With the Quasi-War, an undeclared naval war with France, underway, the Federalists under John Adams started a navy, built up the army, levied new taxes, readied for war, and enacted the Alien and Sedition Acts in 1798. Jefferson interpreted the Alien and Sedition Acts as an attack on his party more than on dangerous enemy aliens; they were used to attack his party, with the most notable attacks coming from Matthew Lyon, a representative from Vermont. Jefferson and Madison rallied support by anonymously writing the Kentucky and Virginia Resolutions, which declared that the federal government had no right to exercise powers not specifically delegated to it by the states. The Resolutions meant that, should the federal government assume such powers, its acts under them could be voided by a state. The Resolutions presented the first statements of the states' rights theory, that later led to the concepts of nullification and interposition.
Presidency 1801–1809
Jefferson repealed many federal taxes, and sought to rely mainly on customs revenue. He pardoned people who had been imprisoned under the Alien and Sedition Acts, passed in John Adams' term, which Jefferson believed to be unconstitutional. He repealed the Judiciary Act of 1801 and removed many of Adams' "midnight judges" from office, which led to the Supreme Court deciding the important case of Marbury v. Madison. He began and won the First Barbary War (1801–1805), America's first significant overseas war, and established the United States Military Academy at West Point in 1802.

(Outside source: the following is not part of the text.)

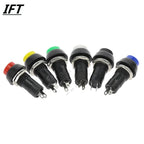6PCS PBS-11A PBS-11B 12mm self-locking / Self-reset Plastic Push Button Switch Latching Momentary Switchs 3A 250V AC 2PIN 6Color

In 1803, despite his misgivings about the constitutionality of Congress's power to buy land, Jefferson bought Louisiana from France, doubling the size of the United States. The land thus acquired amounts to 23 percent of the United States today.[34]
In 1807, his former vice president, Aaron Burr, was tried for treason on Jefferson's order, but was acquitted. During the trial Chief Justice John Marshall subpoenaed Jefferson, who invoked executive privilege and claimed that as president he did not need to comply. When Marshall held that the Constitution did not provide the president with any exception to the duty to obey a court order, Jefferson backed down.
Jefferson's reputation was damaged by the Embargo Act of 1807, which was ineffective and was repealed at the end of his second term.In 1803, President Jefferson signed into law a bill that excluded blacks from carrying the U.S. mail. Historian John Hope Franklin called the signing "a gratuitous expression of distrust of free Negroes who had done nothing to merit it." On March 3, 1807, Jefferson signed a bill making slave importation illegal in the United States.